Tip: if the image is taking too long to build, consider using the pre-built image instead. To do so, update the image name in the ~/workshop/agentic-ai/base-app/k8s.yaml file to ghcr.io/splunk/agentic-ai-app:app-with-quality-issue instead of localhost:9999/agentic-ai-app:app-with-quality-issue.

Update the Kubernetes Manifest

Open the ~/workshop/agentic-ai/base-app/k8s.yaml file for editing and update the image to ensure we’re using the one with the quality issue:

          image: localhost:9999/agentic-ai-app:app-with-quality-issue

Deploy the Updated Application

We can deploy the updated application using the manifest file as follows:

kubectl apply -f ~/workshop/agentic-ai/base-app/k8s.yaml

Test the Application in Kubernetes

Ensure the new application pod has started successfully and the old pod is no longer present:

kubectl get pods -n travel-agent
NAME                                        READY   STATUS    RESTARTS   AGE
travel-planner-langchain-68977dc5c4-4w7p9   1/1     Running   0          41s

Then, run the following command to test the application:

curl http://travel-planner.localhost/travel/plan \
  -H "Content-Type: application/json" \
  -d '{
    "origin": "Seattle",
    "destination": "Tokyo",
    "user_request": "We are planning a week-long trip to Seattle from Tokyo. Looking for boutique hotel, business-class flights and unique experiences.",
    "travelers": 2
  }'

View Data in Splunk Observability Cloud

Let’s return to Splunk Observability Cloud to see how the trace looks now.

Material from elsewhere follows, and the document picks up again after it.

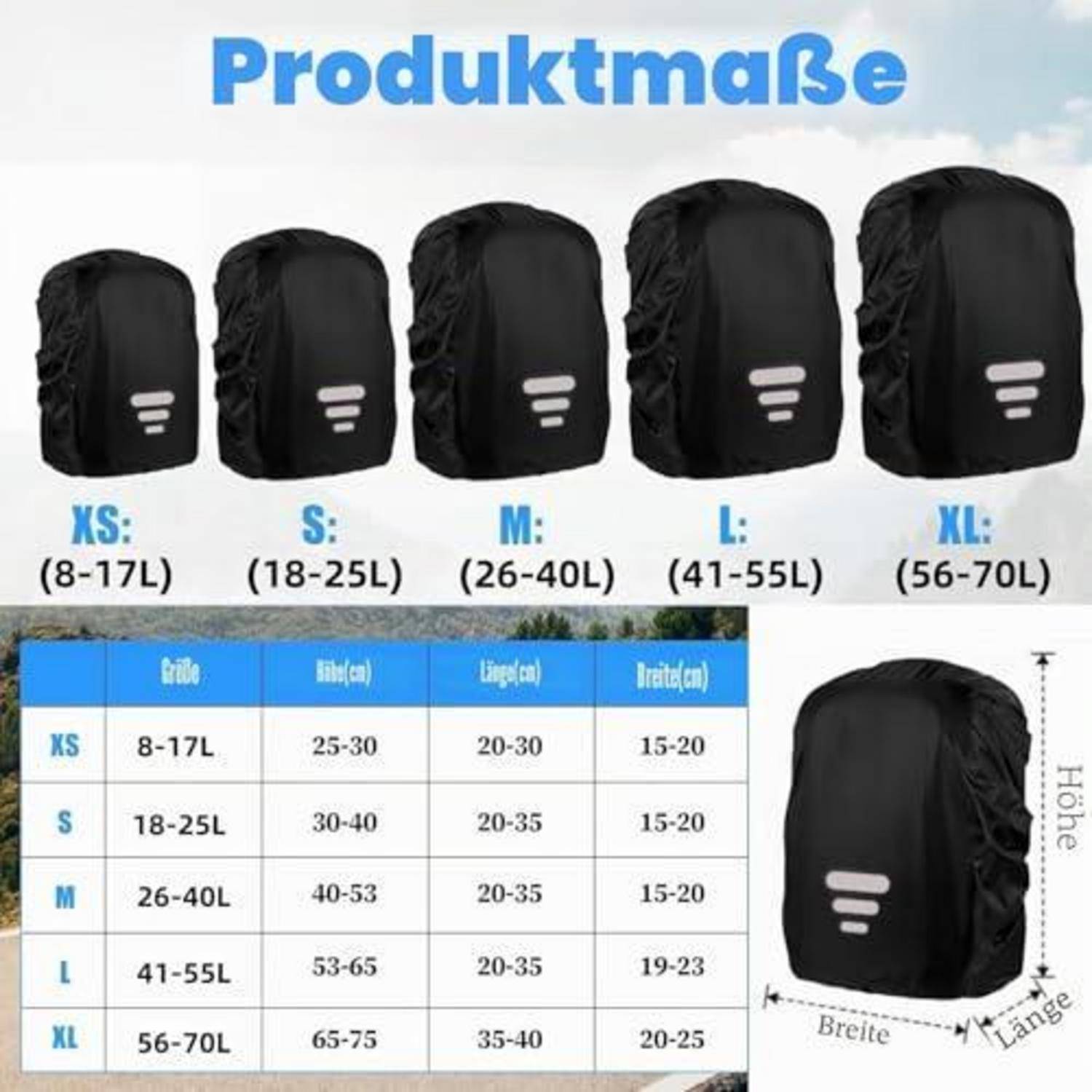 Rucksack Regenhülle wasserdicht mit Reflektor Schwarz M (26-40L)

Looking at the invoke_agent span for the hotel_specialist agent, we can see that the agent has several quality issues, as it recommended a hotel and then called it pretty terrible:

Trace With Quality Issue Trace With Quality Issue

Note: not all agent invocations are evaluated, as the workshop org is set to evaluate only 20% of the time. This is configurable at the org level. If you don’t see an evaluation on the invoke_agent span for the hotel_specialist agent, trying sending another request.